Pourquoi ce choix ? Pour la feuille de route de l’auteur qui a été directeur littéraire pendant 13 ans à Québec-Amérique*, pour le questionnaire de la librairie Monet, pour l’article de Tristan Malavoy-Racine.
Un autre roman pour lequel je suis mitigée. Décidément, ces temps-ci, je vogue dans cette ère nébuleuse. Je ressors de ce livre avec la sensation d’avoir fait un voyage sans guide, tandis que j’en aurais apprécié un ! Premièrement, aucune attirance particulière pour la destination, la réputée grotte de Lascaux, déjà, ça part mal un voyage ! Pourtant, l’auteur qui s’y intéresse fortement aurait pu être ce guide que j’espérais. Je ne l’ai pas trouvé très convainquant, ses passions restant une matière ininflammable. Il a plutôt fait comme si tous les lecteurs étaient aussi passionnés que lui par cette anecdote centrale ; sa mère, sa grand-mère et ses deux tantes, après des années d’économie arrivent à Lascaux pour visiter sa grotte le jour malencontreux de sa fermeture aux touristes. La raison qui leur est donné, le souffle des touristes détériorent progressivement les trésors du passé qui s'y nichent.
L’anecdote est décrite en détails puis nous est surtout présenté, par une voix narratrice enfantine, le « après » de ces quatre femmes déçues au point d’en être quasi traumatisées. Marquées par l’absence de souvenirs vécus, elles ont rapporté des souvenirs « objets » ; des diapositives et un jeu de cartes avec lequel elles jouent en bluffant. Elles entretiennent des rituels, et je n’ai pas pu m’empêcher de penser aux « femmes » de Michel Tremblay. Et d’ailleurs, voici ce que monsieur de Bellefeuille en dit : «Quand j'ai vu Les Belles-Soeurs, au moment de la création, j'ai été partagé entre ma profonde admiration pour Michel Tremblay et un sentiment plus ambigu: au fond de moi, je me disais: ce gars-là m'a volé mon univers!"

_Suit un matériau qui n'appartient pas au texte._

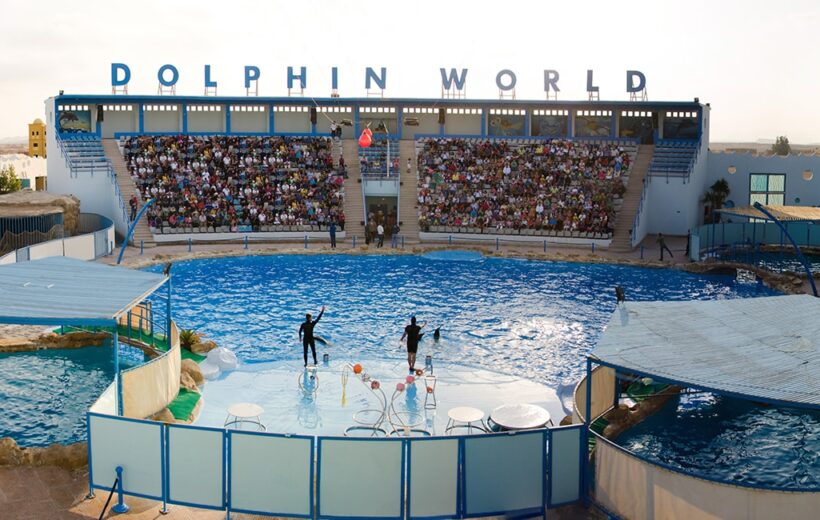 Dolphin Show Hurghada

L’auteur ne cache pas que l'histoire est tirée de son enfance. Il avoue même avoir attendu que sa mère décède avant de la raconter. Il en a été marqué, et probablement plus même que le quatuor de femmes. On connait la propension des enfants à dramatiser ou à grossir le petit.
On voyage entre le passé et le présent, d'une manière assez désordonnée. Les dates sont indispensables à lire avant chaque chapitre. J’ai fini par perdre le fil et plutôt accepter d'y voir un récit fragmenté. Je doute que l'auteur ait désiré que le lecteur l'aborde ainsi. À ma défense et à la sienne, j’ai manqué d’attention pour mon peu d’intérêt du et des sujets.
L’auteur n’est pas venu me chercher, et cela ne m'apparait pas être son style d'aller chercher qui que ce soit. Il navigue sur les vagues de son passé comme une personne désireuse d’évacuer certains souvenirs troubles d’enfance, que tu y sois intéressé ou pas, ne semble pas le concerner. C’est très subjectif ce que j’avance là, ce serait plus honnête de dire que personnellement, c'est ainsi que je l'ai senti.
Pour donner pleine justice à ce roman, les chapitres de Simon (son alter ego) mettant en jeu sa conjointe, Raphaëlle, pas en lien avec son enfance sont les moments qui m’ont le plus captivée.
Un poker à Lascaux, Normand de Bellefeuille, *Québec-Amérique, 194 pages.